MISS NIGHTINGALE – New Wolsey, Ipswich and TOURING

NIGHTCLUBS AND NIGHTINGALES –  BLACKMAIL IN THE BLITZ

 

It is endearing that this musical’s tour should coincide with the first same-sex marriages: it is built round a gay love affair in the dark pre-Wolfenden days, the wartime years when homosexual men were prosecuted and called “The enemy within”, potential blackmail victims and spies. The creation of Matthew Bugg, directed by Peter Rowe of the New Wolsey, it is set in 1942 and follows the tangled lives of George – a Polish-Jewish pianist and composer – and his friend Maggie, a Lancashire nurse and singer trying to break in to London clubs.

 

George (Harry Waller) wants to recreate the pre-war Berlin cabaret scene he loved; Maggie (Jill Cardo) has a gift for comedy and character songs: Bugg pastiches these rather brilliantly as she changes costume from Dietrich to Rosie the Riveter, a drag Noel Coward or airman. Or, in a particularly “naughty” number a headscarfed wife sneaking off with the butcher because “You’ve gotta get your sausage where you can!”. They are backed by Sir Frank, an affluent invalided war-hero, to perform at his club; he and George fall in love and are threatened by blackmail. Panicked, Sir Frank proposes to Maggie. In that complex, conflicted part Tomm Coles is particularly fine.
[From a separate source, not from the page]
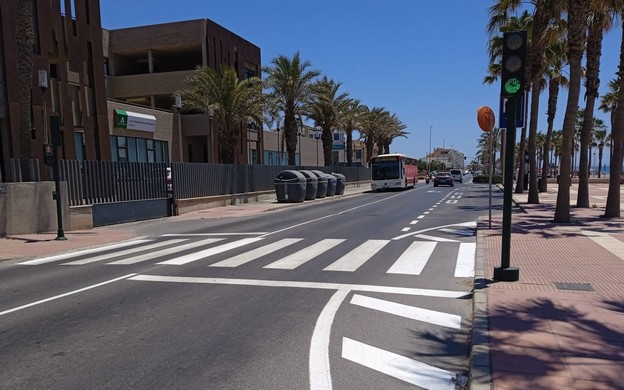 5-7-2022 MEJORA SEÑALIZACIÓN VIAL AVENIDA CABO DE GATA 3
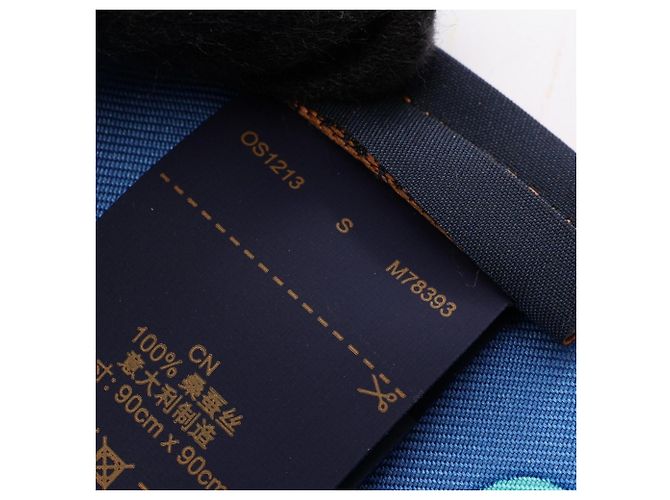 Louis Vuitton x Yayoi Kusama Carre 90 Pumpkin Scarf Blu Multicolore - vista 3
I went in a spirit of curiosity: three years ago at the King’s Head I hailed Bugg’s 90-minute musical as a blend of “The Kander/Ebb Cabaret and new burlesque, with a dash of Design for Living, touches of Rattigan angst and echoes of many a nightclubby, Blitzy, wartime-blackout romance of gin, gents and garter belts.” I concluded, in that patronizing criticky way to which we sometimes succumb, “This show could grow”. Now, after bouncing off the small Leicester Square theatre last year it turns up recast, full-length and re-plotted as a touring co-production from Mr Bugg Presents and the New Wolsey (with backing and a nice programme note from the Naional Fairground Archive).

 

The cast are all actor-musicians, picking up saxophone, trumpet and clarinet with admirable insouciance and breath control even in the middle of a dance; Bugg’s pastiche songs are wonderful, and some of the dramatic numbers effective – notably the sad secret cruising of the gay men in the blackout, and the trios and duets of lovers at cross-purposes. It has grown well – though the first act could do with a trim: there are rather too many musical numbers before the plot begins to darken satisfactorily.

 

And there is real force in the fact, too easily forgotten, that while fighting Nazi persecution, Britain was still oppressing gay men. George’s position as a Jewish refugee, hearing of atrocities in Berlin and reading of suicides of men arrested in England, is particularly bitter. And from me it wins its fourth mouse by a whisker for sheer energy, great lyrics and good heart.